Information shown ->
____________________

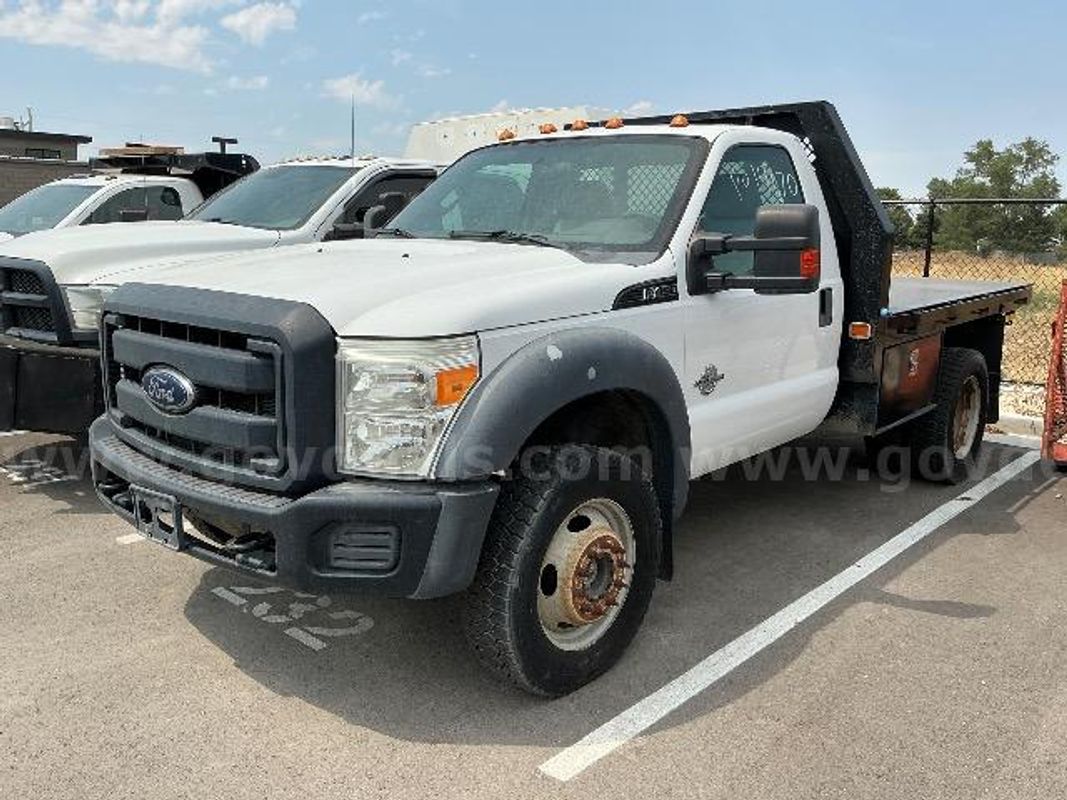 Mechanics Special 2011 FORD F450 XL REGULAR CAB DRW 4X4 CHASSIS -- DIESEL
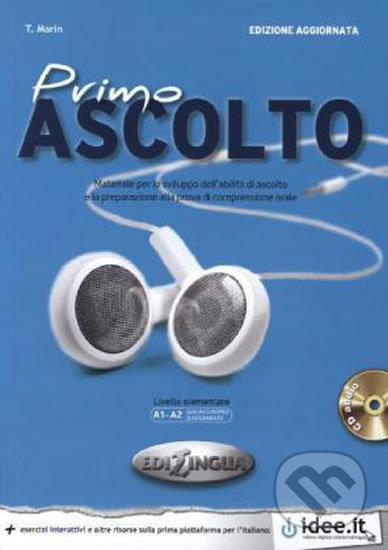 Primo Ascolto A1-A2: Libro dello studente + CD Audio - kniha z kategorie Jazykové učebnice a slovníky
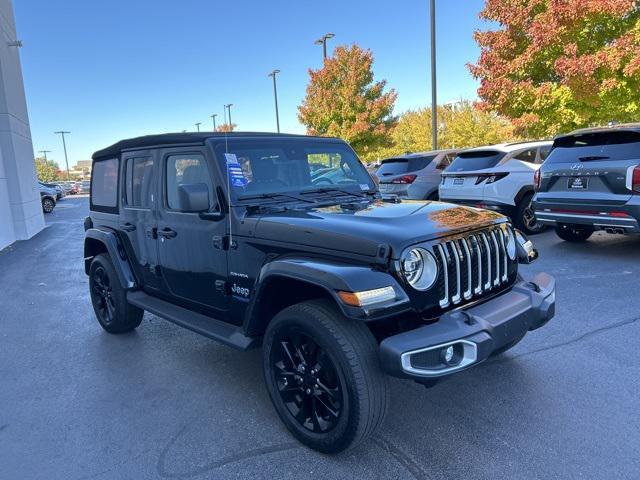 2021 jeep wrangler unlimited sahara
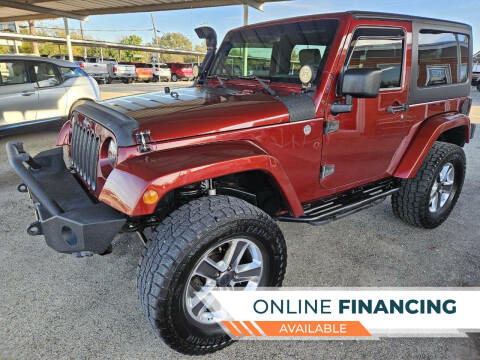 2007 Jeep Wrangler for sale at Hot Wheels Cars LLC in Cleburne TX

____________________

Requirement -> Write out the data above precisely. Pictures stay out.

Exercise result ->
 Mechanics Special 2011 FORD F450 XL REGULAR CAB DRW 4X4 CHASSIS -- DIESEL
 Primo Ascolto A1-A2: Libro dello studente + CD Audio - kniha z kategorie Jazykové učebnice a slovníky
 2021 jeep wrangler unlimited sahara
 2007 Jeep Wrangler for sale at Hot Wheels Cars LLC in Cleburne TX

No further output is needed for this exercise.